If you master the method of lucid dreaming, you can control your nightly fantasies like a director. More and more is becoming known about how the technology can be learned and used in a targeted manner to shake off mental stress and discover a new self while sleeping.
How about that? To be completely free to decide whether the next trip is on a yacht to the Pacific or in the cockpit of a rocket to the International Space Station. Whether an adventure ends with a fist fight in a saloon or on the summit of an eight-thousander. Whether the menu in the evening contains gold chips or the extract of an as yet unknown tropical plant. What sounds like fantasy is possible for some people, at least in the early hours of the morning, when their minds are in a strange state between sleep and wakefulness - and are able to consciously control dream content.

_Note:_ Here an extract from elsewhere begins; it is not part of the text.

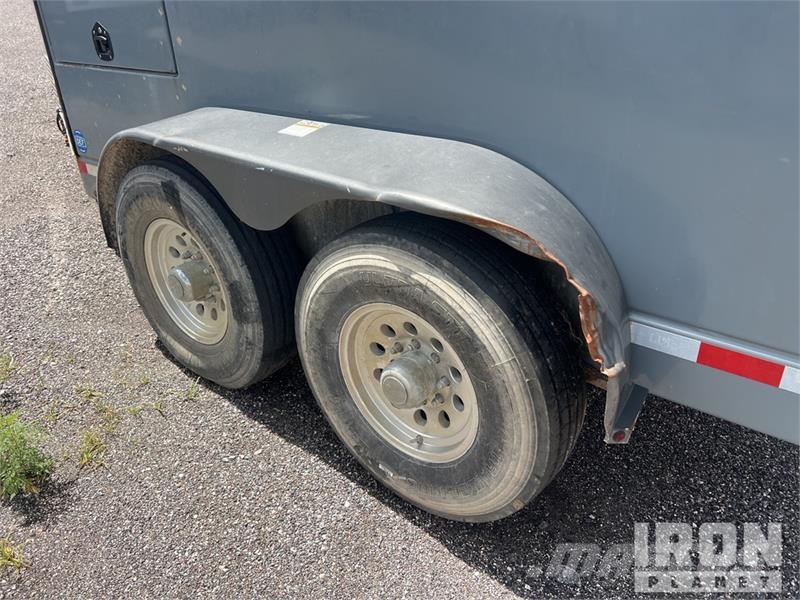 Thundercreek FST990-G3 T/A Fuel Trailer Autocisternas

Oneironauts (from the Greek oneiros, dream; nautes, sailors) these world-walkers are called. Unlike others, they do not experience the often surreal events of their nocturnal fantasy as a kind of film that they watch largely passively, but rather act as directors of their own dream world. Although they are asleep, they are almost completely conscious, know full well that they are dreaming and that they are masters of their imagination. This state of mind allows them to experience the most amazing things: exciting sex, daring flight maneuvers, imaginative creative sessions. But also to face your very own fears, to safely face whatever troubles may be slumbering in the depths of your soul. Scientific pioneering field with huge potential This is one of the reasons why science is now also working on this ability, which they call “clear dreaming” or “lucid dreaming”. Apart from the fact that oneironauts occasionally fulfill their own dreams while they sleep, some psychologists recognize therapeutic potential in the ability to dream clearly.
After all, many people who have experienced something traumatic struggle with feelings of powerlessness and weakness and feel inferior and helpless. For them in particular, lucid dreams offer a fantastic opportunity in the truest sense of the word to regain control in any situation and thus experience self-efficacy - at least in those hours when their eyes are closed. But it's no secret that nocturnal fantasies also have an influence on our waking lives, and vice versa.

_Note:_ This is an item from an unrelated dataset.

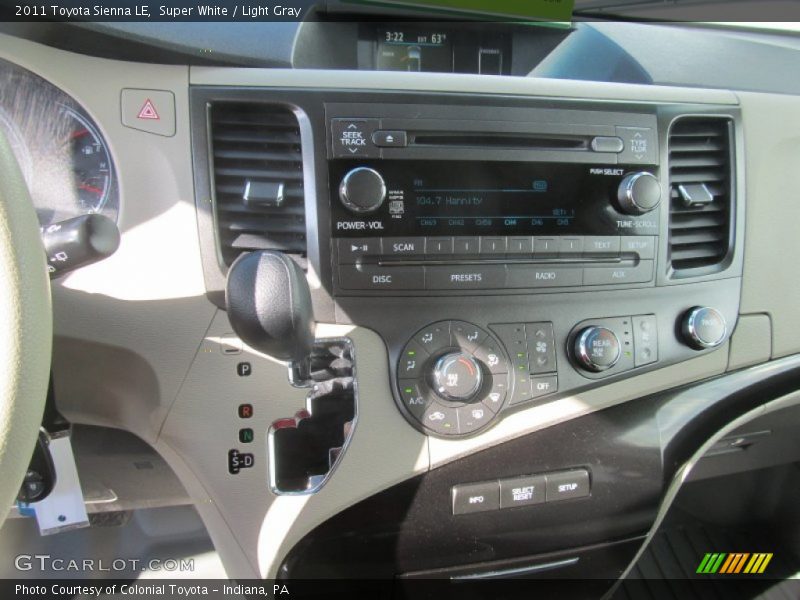 Super White / Light Gray 2011 Toyota Sienna LE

In addition: The ability to dream clearly is not reserved for an elite group of lucky people. Anyone can use certain techniques to increase the likelihood of experiencing a lucid dream. Hundreds of thousands of lucid dreamers have long been exchanging ideas in internet forums about the best methods to regularly achieve this state (see box). Those who succeed in this often describe the moment as a kind of waking up in a dream. Suddenly there is certainty: I am dreaming and I can intervene in the dream. Almost as if dreams and reality mixed into something new.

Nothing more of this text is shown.